As might have been expected, Gandhi took an opposing view, expounding on brahmacharya as a spiritual discipline; his conversation with the American—unlike any he’d previously had with a woman—seems to have sent his worrisomely high blood pressure higher and, by some accounts, left him in a state near nervous collapse.

Physically and emotionally, he was already nearing the edge. A little more than a year after he arrived in the district, Gandhi had decided that it wasn’t enough for him to assign his disciples to settle in the most remote villages in a remote district. He needed to understand why they found it such hard going. Typically, he instructed them to begin their missions of service by volunteering as village sanitation officers and scavengers (scooping up human excrement wherever it was to be found, usually beside rural pathways, and then digging proper latrines). The example was not always as effective as he expected. “
The people are completely shameless,” wrote his faithful secretary and diarist,
Mahadev Desai, whose duties included serving as a one-man cleanup detail in an exceptionally unresponsive village called Sindi. “They do not have any feeling at all. It will not be surprising if within a few days they start believing that we are their scavengers.”

Gandhi concluded there was only one way for him to understand why villagers were proving so impervious to the selfless example his satyagrahis set before them. What was needed was for him—the man recognized by most of India and most of the world as the country’s leader—to settle in a village and live there all by himself, with none of his usual entourage. It made perfect sense to Gandhi but not to his closest associates, who were already nervous about his health and jealous of any change in the Mahatma’s life that would limit the time they got to spend in his presence.

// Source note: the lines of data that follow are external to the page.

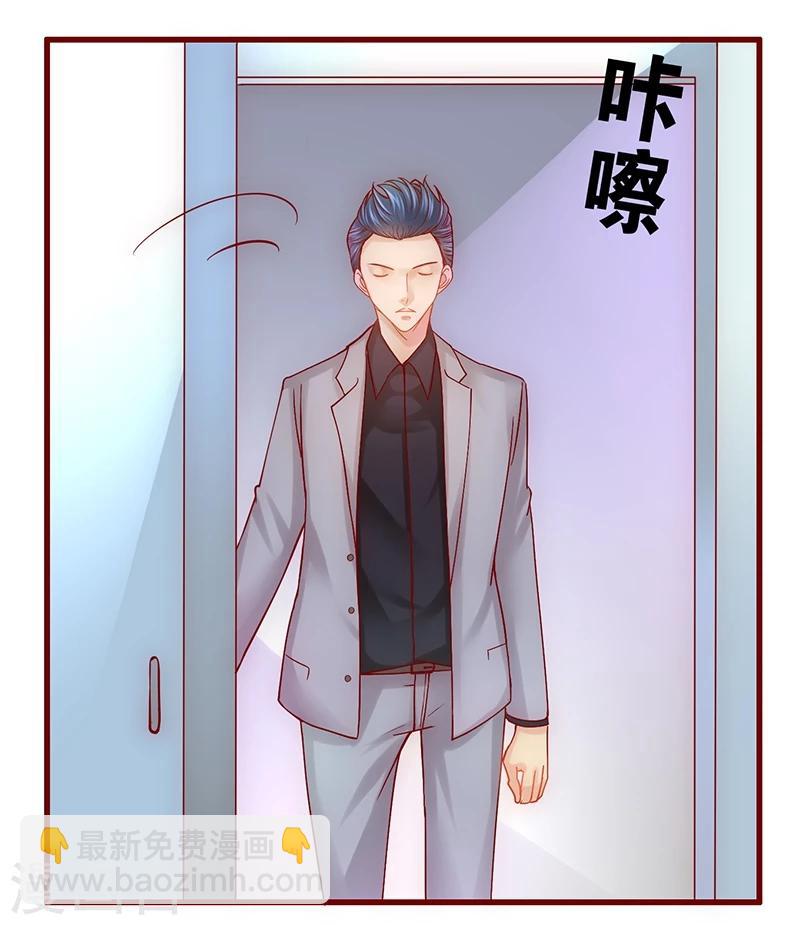 第45话 你的手真好看-第46话
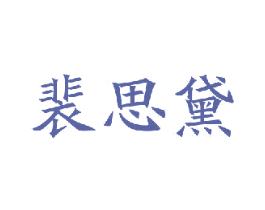 商标图样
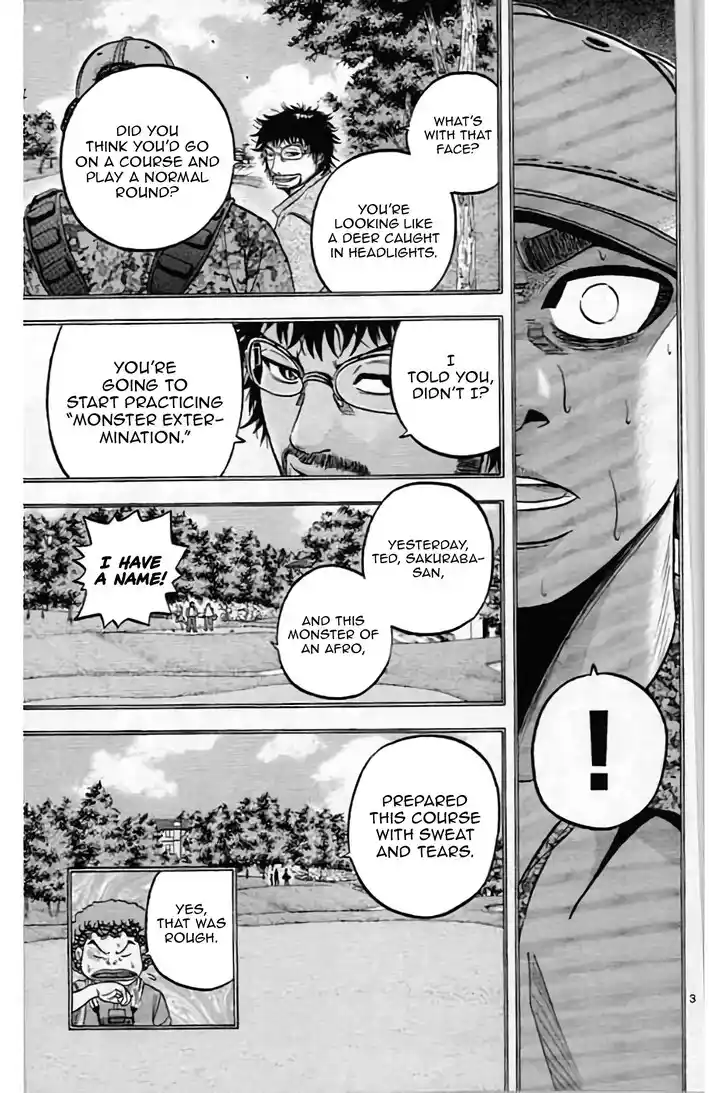 King Golf Vol.17 Ch.203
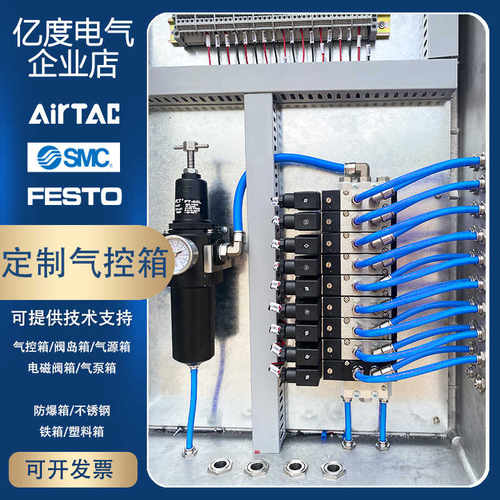 专业定制气控箱费斯托厂家直销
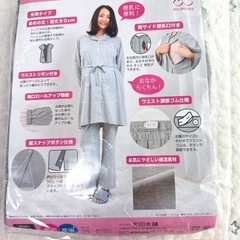 イヌジルシマタニティパジャマ マタニティウェア 犬印 新品 M-L マタニティ　妊婦　の画像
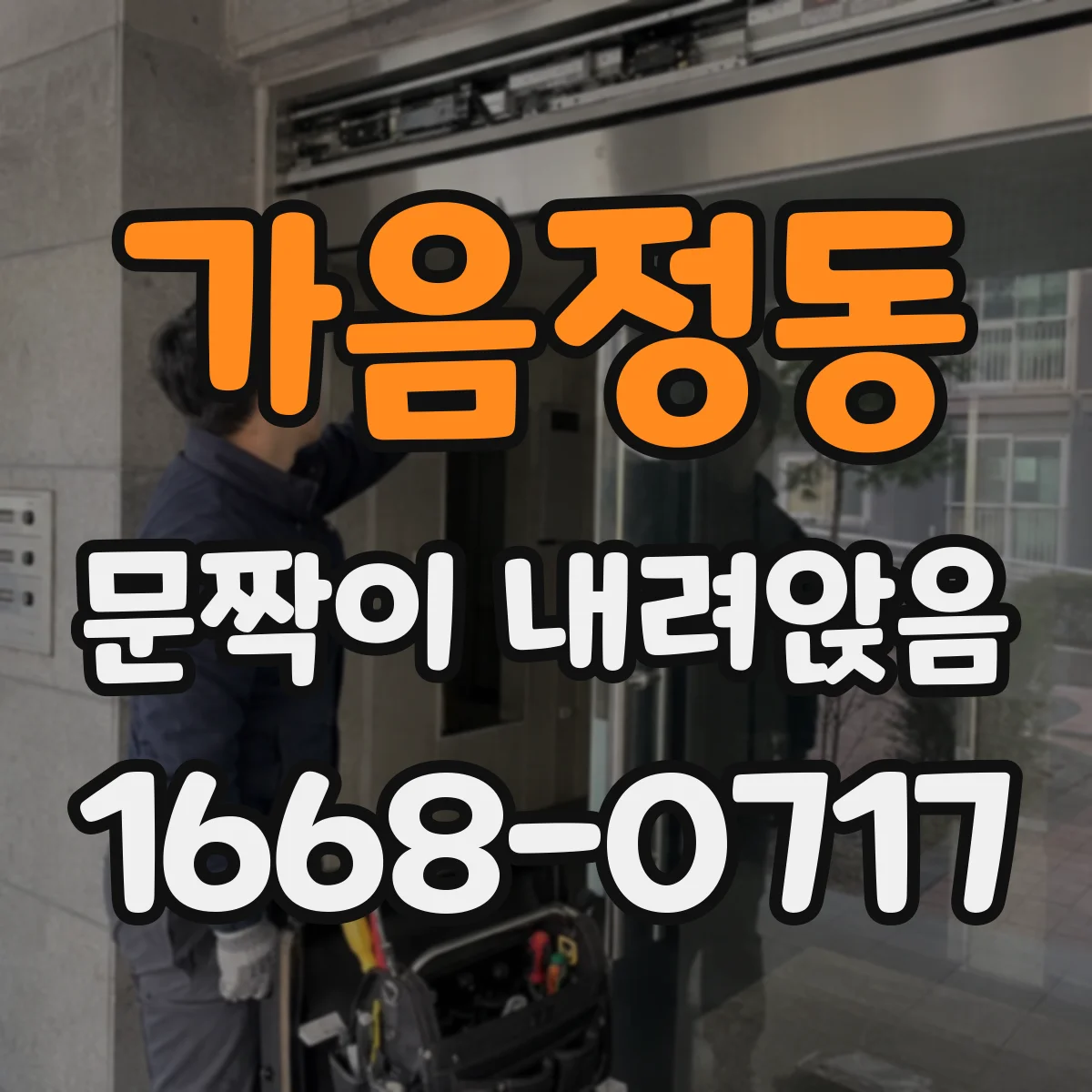 가음정동 문짝이 내려앉음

The village he selected in Wardha district for this latest of his “experiments with truth” was then called Segaon. It happened to be adjacent to orange and mango orchards owned by an important backer and underwriter of the Mahatma, a wealthy trader named
Jamnalal Bajaj who’d been, in the theatrical sense, the angel who produced Gandhi’s relocation in Wardha and the host who’d provided lodging for the Mahatma and his entourage. Bajaj also owned the land on which Segaon’s untouchables—two-thirds of its population of over six hundred—
huddled; the revenues he collected from the village would subsidize Gandhi’s latest experiment.

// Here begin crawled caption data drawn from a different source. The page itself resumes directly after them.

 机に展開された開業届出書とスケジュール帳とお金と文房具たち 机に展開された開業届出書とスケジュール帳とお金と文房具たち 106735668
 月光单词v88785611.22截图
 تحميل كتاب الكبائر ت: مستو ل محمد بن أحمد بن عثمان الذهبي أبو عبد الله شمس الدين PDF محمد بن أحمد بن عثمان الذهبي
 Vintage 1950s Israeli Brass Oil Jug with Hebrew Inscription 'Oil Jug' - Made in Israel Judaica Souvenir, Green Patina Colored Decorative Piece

No road, as yet, connected Segaon to the district’s market town, four miles away. India’s leader arrived there on foot on April 30, 1936, and, two days later, told the villagers of his intentions. “
If you will cooperate with me,” he said, “I shall be very happy; if you will not, I shall be content to be absorbed among you as one among the few hundred that live here.” As related by Mirabehn, the headman, “
a very charming and aristocratic old man, made a graceful and honest speech in which he welcomed the idea of Gandhi coming to live amongst them, but made it quite clear that he personally would not be able to cooperate in Bapu’s Harijan program.”
The hut that he was to occupy, on Segaon’s outskirts, had yet to be completed, so that night a makeshift tent was strung up for him under a guava tree. Since there were wild animals in the area—cheetahs, panthers—a trench had to be dug around the patch of ground on which the Mahatma was to sleep. Using the excuse that they were overseeing the completion of his dwelling, several of his entourage slept beside him.

As might have been expected, the Mahatma’s ambition to spend a night alone in Segaon would never be fulfilled. Before long, the whole entourage, amounting at times to nearly a hundred persons, was ensconced there. He’d not planned to make his dwelling the center of an ashram, but that’s what it became. Thanks largely to Jamnalal Bajaj’s generosity, new buildings went up, a road was put through and, eventually, even a phone line so the Mahatma could be reached by the viceroy’s offices in New Delhi and the hill station of Simla, to which the top echelons of the Raj retreated in summer when Wardha broiled. Segaon, the village Gandhi briefly intended to make the focus of his energies, inevitably became a sideshow. Fittingly, after March 1940, it would take the name of the ashram that had spontaneously mushroomed alongside it.
Ashram and village were both called Sevagram, meaning “Village of Service.”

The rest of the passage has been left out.